North Carolina A&T golfer and NBA champion JR Smith has played golf with some of the greatest NBA players of all-time, including Michael Jordan and Stephen Curry.
Smith told Jemele Hill he’s played Jordan about five times, and the games have mostly been competitive. He said he has bet Michael Jordan, but mostly for about $500.
“He has games with people like myself. And then he has games with his boys when the numbers is real crazy,” Smith said. “I ain’t getting in that one. I’m gonna stay here, go ahead and boogey. He be over there $5-10,000 putts and all this other s–t. I ain’t doing that. Nah, bruh. I ain’t even a member yet.”
Smith was asked on a recent podcast episode of ‘Jemele Hill is Unbothered’ about the best NBA player he’s golfed against, and he didn’t hesitate to give it to the four-time NBA champion. Hill asked Smith if he won and he was very candid about it.
“Nah, he smoked me. He beat me by like 15 shots,” Smith said with a laugh. “I think this was like at CP (Chris Paul) wedding in Charlotte. I ain’t played with him since, though. But I can get him now though.”
Stephen Curry, of course, is a sponsor and booster for Howard University golf. Smith, meanwhile, is heading into his junior year at North Carolina A&T.
Smith said he had to change his approach to school over time.
“I was trying to accelerate it and graduate in three years and do all this other stuff and I was like, ‘let me slow walk this thing,” Smith told Hill. “It’s a lot of work. It’s a lot of papers hitting this desk.”
Smith said he currently works with a tutor and carves out three hours a day, five days per week, to keep up with his coursework.

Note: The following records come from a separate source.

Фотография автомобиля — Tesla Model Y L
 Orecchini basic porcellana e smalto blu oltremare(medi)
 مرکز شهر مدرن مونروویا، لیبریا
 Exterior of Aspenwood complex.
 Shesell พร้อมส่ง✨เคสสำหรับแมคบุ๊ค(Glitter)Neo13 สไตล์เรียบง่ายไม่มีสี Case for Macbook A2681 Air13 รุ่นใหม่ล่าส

“My first year – last year – I literally tried to do it like high school,” Smith said. “I was literally getting burned out to not doing nothing to locking in like I’m in an office or something. My brain was literally crashed with information. It started affecting my golf game.”
Smith said he is done with his prerequisites in the classroom and is looking forward to finishing strong.
“I’m really excited about the next two years because I really get to pick and choose the meat and potatoes of what I really want to learn,” Smith told Hill.
Smith said that attending predominately white high schools was the driving force behind his desire to go to an HBCU.
“I knew I wanted to learn from people that looked like me. I felt like – for one – they not going to sugarcoat nothing,” Smith said.
Beyond golf and grades, Smith indicated that his time at North Carolina A&T has impacted his way of thinking as a whole.
“That Eurocentric mindset is a tough thing to break. And for me, I knew, that’s one thing I didn’t want to have going forward. It’s harder because once you really understand it – you got kids – it’s like s–t. I put my kids behind the 8-Ball. Now I gotta de-program y’all,” Smith said with a chuckle. “But it’s for real. I’m on it. We on it.”